We all know how that went.
Post election, white progressives have spent more time telling people why they should care about their safety pins than strategizing around protecting the most vulnerable during a Trump presidency. Thousands of Facebook groups emerge as white progressives, mainly white women, talk about their new fears of living in a country they now feel hates them, as if no one else ever felt that way.
White progressives have to learn how to talk beyond their bubbles if they want to effectively resist the hatred perpetuated by Trump’s campaign and victory. The white progressive’s ability to achieve real resistance to white supremacist norms is a matter of life and death, in a time when someone deemed too racist to be a federal judge can be tapped to be attorney general.
We can’t afford for white progressives to stay in their echo chambers.

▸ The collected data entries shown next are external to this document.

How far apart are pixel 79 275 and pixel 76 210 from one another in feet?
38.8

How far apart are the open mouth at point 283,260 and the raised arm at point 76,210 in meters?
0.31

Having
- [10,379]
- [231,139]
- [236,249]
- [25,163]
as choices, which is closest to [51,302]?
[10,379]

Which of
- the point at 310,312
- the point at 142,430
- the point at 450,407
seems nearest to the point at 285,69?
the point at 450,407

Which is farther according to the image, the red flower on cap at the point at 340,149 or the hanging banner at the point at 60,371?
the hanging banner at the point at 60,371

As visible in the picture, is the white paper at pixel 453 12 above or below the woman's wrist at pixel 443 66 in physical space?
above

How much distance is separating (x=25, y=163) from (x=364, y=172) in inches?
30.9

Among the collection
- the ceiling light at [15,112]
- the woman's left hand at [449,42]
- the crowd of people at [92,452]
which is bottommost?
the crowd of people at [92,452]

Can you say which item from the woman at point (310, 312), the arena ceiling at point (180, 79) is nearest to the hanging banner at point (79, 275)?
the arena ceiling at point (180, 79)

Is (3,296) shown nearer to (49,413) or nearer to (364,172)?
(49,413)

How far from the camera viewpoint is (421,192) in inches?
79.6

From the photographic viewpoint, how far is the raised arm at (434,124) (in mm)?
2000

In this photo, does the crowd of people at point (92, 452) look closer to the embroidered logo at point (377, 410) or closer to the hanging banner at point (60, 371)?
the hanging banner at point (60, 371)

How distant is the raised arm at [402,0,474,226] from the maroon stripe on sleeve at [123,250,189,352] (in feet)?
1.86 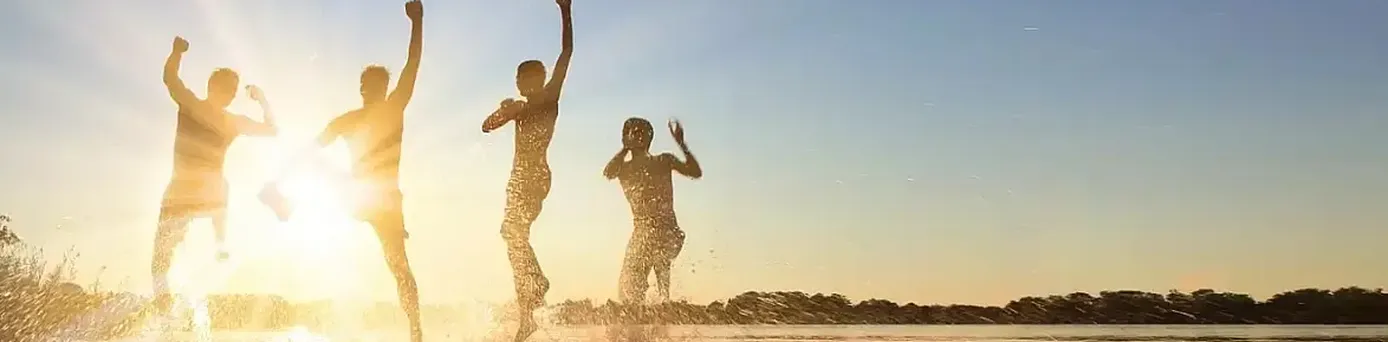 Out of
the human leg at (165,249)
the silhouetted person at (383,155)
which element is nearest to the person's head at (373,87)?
the silhouetted person at (383,155)

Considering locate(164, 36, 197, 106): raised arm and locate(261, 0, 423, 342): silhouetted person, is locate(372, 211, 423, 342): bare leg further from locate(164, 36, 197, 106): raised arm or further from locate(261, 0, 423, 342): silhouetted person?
locate(164, 36, 197, 106): raised arm

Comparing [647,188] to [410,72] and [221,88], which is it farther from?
[221,88]

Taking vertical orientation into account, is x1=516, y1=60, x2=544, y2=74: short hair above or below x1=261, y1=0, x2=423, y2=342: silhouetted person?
above

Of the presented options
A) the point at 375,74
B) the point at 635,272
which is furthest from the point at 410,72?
the point at 635,272

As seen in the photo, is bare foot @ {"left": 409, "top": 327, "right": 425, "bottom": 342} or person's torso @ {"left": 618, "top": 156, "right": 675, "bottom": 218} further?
person's torso @ {"left": 618, "top": 156, "right": 675, "bottom": 218}

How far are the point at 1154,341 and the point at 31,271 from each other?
10786 mm

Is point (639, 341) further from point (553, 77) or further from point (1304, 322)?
point (1304, 322)

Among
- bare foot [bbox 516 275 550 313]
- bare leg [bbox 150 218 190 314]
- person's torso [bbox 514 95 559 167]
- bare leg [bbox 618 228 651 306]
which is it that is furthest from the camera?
bare leg [bbox 618 228 651 306]

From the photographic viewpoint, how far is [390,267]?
1030 cm

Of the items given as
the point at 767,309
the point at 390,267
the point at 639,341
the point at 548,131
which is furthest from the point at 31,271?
the point at 767,309

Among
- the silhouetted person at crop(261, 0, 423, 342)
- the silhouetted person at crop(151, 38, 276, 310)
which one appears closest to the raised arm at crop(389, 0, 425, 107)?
the silhouetted person at crop(261, 0, 423, 342)

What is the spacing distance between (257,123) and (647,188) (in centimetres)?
353

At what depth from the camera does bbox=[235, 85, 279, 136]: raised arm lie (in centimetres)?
1064

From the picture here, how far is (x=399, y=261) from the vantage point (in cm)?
1030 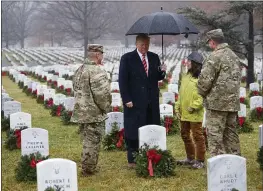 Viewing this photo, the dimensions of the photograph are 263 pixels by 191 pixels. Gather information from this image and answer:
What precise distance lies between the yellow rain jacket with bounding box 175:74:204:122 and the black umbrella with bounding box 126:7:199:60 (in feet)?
2.18

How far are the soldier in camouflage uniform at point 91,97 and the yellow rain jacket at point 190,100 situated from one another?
1116mm

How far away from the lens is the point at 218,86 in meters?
5.93

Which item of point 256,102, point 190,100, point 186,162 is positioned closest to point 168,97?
point 256,102

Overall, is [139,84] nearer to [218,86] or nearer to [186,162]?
[218,86]

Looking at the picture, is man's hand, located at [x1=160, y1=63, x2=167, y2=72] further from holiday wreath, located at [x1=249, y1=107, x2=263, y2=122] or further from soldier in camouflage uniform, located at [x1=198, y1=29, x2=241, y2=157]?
holiday wreath, located at [x1=249, y1=107, x2=263, y2=122]

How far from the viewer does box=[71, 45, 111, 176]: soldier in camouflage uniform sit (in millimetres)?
6316

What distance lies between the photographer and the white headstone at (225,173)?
488cm

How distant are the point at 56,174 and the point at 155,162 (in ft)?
5.96

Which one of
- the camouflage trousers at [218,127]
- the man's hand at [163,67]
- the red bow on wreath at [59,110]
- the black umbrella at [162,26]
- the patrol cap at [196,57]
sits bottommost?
the red bow on wreath at [59,110]

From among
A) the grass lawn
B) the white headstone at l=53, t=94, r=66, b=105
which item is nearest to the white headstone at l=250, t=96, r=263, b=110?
the grass lawn

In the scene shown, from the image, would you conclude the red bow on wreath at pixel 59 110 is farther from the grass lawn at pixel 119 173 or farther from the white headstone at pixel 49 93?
the grass lawn at pixel 119 173

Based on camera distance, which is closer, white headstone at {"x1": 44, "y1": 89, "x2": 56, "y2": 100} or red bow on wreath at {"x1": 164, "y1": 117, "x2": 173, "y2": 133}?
red bow on wreath at {"x1": 164, "y1": 117, "x2": 173, "y2": 133}

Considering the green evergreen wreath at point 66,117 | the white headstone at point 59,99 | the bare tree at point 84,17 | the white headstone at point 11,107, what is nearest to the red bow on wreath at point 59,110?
the white headstone at point 59,99

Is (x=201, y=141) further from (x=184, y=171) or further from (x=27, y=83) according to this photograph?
(x=27, y=83) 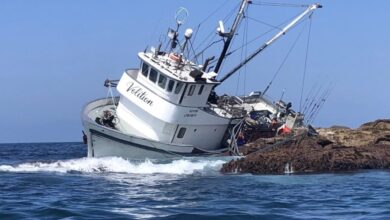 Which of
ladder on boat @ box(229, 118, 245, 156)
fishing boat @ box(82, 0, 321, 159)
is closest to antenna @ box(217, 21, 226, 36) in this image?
fishing boat @ box(82, 0, 321, 159)

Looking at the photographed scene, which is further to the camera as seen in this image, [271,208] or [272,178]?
[272,178]

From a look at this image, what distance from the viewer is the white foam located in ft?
86.6

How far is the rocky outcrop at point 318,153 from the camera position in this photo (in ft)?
83.7

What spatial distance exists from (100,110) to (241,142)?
7040mm

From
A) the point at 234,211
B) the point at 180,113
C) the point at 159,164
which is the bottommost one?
the point at 234,211

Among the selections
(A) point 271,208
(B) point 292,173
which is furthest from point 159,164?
(A) point 271,208

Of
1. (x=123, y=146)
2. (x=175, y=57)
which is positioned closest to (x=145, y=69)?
(x=175, y=57)

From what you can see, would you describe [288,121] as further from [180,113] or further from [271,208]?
[271,208]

Our lives are literally at stake.
And yes, progressive white folks in the mainline church, this goes for you too.
White progressive folks in the church share superficially edgy Facebook statuses and think getting likes from other white progressives fulfills the requirement of denouncing privilege. They put on safety pins, yet never seem to hear us when black, brown, and queer folks say that’s not going to stop us from getting hate crimed and killed at disproportional rates. They choose to focus on themselves, writing endless think pieces centered in white panic and hypothetical danger instead of sharing first-person thoughts from people who could actually be victims of the surging hate crimes in the U.S. or whose videotaped murders likely wouldn’t result in a guilty verdict.

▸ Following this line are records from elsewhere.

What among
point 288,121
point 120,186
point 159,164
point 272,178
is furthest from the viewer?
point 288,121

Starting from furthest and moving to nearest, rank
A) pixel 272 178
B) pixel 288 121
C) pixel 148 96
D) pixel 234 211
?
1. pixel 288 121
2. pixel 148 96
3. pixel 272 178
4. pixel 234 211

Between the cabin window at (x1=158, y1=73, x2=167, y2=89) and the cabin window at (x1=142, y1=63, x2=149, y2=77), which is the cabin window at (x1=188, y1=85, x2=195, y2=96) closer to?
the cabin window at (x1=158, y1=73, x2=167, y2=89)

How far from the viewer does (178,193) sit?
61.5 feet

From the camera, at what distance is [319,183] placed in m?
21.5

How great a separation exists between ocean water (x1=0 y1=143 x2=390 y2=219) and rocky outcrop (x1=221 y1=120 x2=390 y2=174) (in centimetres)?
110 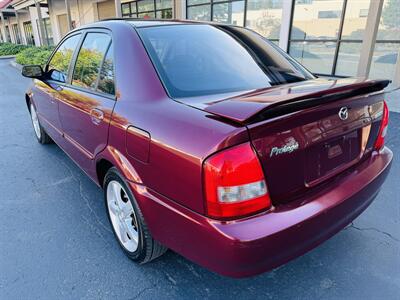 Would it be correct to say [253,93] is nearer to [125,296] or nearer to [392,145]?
[125,296]

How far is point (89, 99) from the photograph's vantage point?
2.50 meters

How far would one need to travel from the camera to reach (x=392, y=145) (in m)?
4.34

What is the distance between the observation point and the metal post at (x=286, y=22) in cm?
887

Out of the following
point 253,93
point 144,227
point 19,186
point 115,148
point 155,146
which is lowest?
point 19,186

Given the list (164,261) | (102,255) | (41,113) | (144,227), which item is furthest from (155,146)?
Result: (41,113)

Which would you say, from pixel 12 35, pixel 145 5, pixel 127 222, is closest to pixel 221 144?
pixel 127 222

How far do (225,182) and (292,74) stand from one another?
1366mm

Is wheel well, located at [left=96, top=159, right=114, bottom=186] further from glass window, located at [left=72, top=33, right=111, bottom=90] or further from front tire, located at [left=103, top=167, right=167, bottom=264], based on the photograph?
glass window, located at [left=72, top=33, right=111, bottom=90]

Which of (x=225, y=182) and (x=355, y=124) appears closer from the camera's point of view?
(x=225, y=182)

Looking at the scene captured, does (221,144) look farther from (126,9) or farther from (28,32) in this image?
(28,32)

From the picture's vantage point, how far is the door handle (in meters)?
2.27

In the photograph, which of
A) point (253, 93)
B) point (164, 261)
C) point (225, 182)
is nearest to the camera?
point (225, 182)

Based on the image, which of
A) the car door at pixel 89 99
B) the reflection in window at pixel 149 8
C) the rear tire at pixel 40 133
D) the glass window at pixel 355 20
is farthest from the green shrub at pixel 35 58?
the car door at pixel 89 99

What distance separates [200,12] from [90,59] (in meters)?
10.4
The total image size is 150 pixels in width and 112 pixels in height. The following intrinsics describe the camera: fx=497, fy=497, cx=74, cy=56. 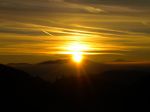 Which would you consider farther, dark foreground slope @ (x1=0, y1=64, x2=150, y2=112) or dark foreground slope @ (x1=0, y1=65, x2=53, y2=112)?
dark foreground slope @ (x1=0, y1=64, x2=150, y2=112)

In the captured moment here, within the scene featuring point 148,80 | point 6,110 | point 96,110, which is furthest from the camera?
point 148,80

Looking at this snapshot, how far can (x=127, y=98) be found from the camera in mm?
103750

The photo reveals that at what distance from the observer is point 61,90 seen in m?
111

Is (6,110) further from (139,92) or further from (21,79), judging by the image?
(139,92)

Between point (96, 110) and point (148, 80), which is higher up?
point (148, 80)

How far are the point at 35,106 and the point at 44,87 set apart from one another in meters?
10.9

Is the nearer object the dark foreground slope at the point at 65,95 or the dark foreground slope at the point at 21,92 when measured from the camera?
the dark foreground slope at the point at 21,92

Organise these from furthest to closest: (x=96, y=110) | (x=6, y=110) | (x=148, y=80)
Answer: (x=148, y=80) < (x=96, y=110) < (x=6, y=110)

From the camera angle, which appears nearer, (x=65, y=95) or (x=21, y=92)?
(x=21, y=92)

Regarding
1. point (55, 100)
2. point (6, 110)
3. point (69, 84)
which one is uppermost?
point (69, 84)

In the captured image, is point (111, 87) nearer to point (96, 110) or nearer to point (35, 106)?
point (96, 110)

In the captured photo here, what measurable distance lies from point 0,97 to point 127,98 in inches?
1039

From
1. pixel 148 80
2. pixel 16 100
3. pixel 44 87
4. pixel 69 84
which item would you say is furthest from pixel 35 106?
pixel 148 80

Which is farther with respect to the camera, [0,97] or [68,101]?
[68,101] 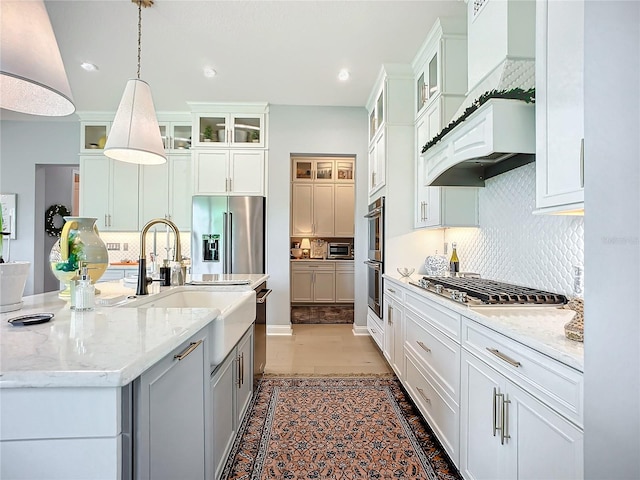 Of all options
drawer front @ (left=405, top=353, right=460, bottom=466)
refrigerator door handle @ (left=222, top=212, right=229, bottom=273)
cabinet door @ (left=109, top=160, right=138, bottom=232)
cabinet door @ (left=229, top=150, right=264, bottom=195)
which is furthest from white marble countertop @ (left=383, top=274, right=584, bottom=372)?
cabinet door @ (left=109, top=160, right=138, bottom=232)

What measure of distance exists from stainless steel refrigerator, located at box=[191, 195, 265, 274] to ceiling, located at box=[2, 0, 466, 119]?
1.38 meters

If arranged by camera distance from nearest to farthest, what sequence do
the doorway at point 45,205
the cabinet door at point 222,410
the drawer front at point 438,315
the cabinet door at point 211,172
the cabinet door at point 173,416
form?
the cabinet door at point 173,416
the cabinet door at point 222,410
the drawer front at point 438,315
the cabinet door at point 211,172
the doorway at point 45,205

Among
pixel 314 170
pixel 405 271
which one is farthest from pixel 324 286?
pixel 405 271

True allyship requires amplifying the voices of those of us who have been yelling “Black Lives Matter”; asking to use the restroom of our choice; saying “Mni Wiconi” to the Black Snake; demanding water that isn’t poisonous; and saying our loved ones belong here even if they weren’t born here. Oppressed people have been crying out to white progressives for amplification as a means to liberation, and now that we need it more than ever, white progressives—who have the least to lose—are ignoring us and obsessively talking to each other about their grief.
Meanwhile, folks like me have been grieving our oppression since its inception. This grief thing ain’t nothing new; white progressives are just choosing to honor its validity because they’re finally getting a taste of the fear associated with it.
Hey white progressives: It’s time to move beyond self-congratulatory activism.
Do the work with your racist relatives. Don’t run from that difficult family dinner or Facebook fight. Engage where others don’t feel safe. It’s not my job, or the job of any person of color, to engage with people about racism politely, or at all, when we aren’t perpetuators of it. White progressives not engaging with racists must realize the fact that they can even choose to engage without real risk is a privilege. Don’t confuse the inconvenience of engaging racists with the real danger people of color face when doing the same engagement.
Do the work within yourself to ask why you’ll write Facebook posts advocating for neighborhoods that you won’t drive through until they’re gentrified. Ask yourself why you’re comfortable crying and marching now that white women are in danger but were nowhere to be found during the original Million Woman March, when the organizers and marchers were black women.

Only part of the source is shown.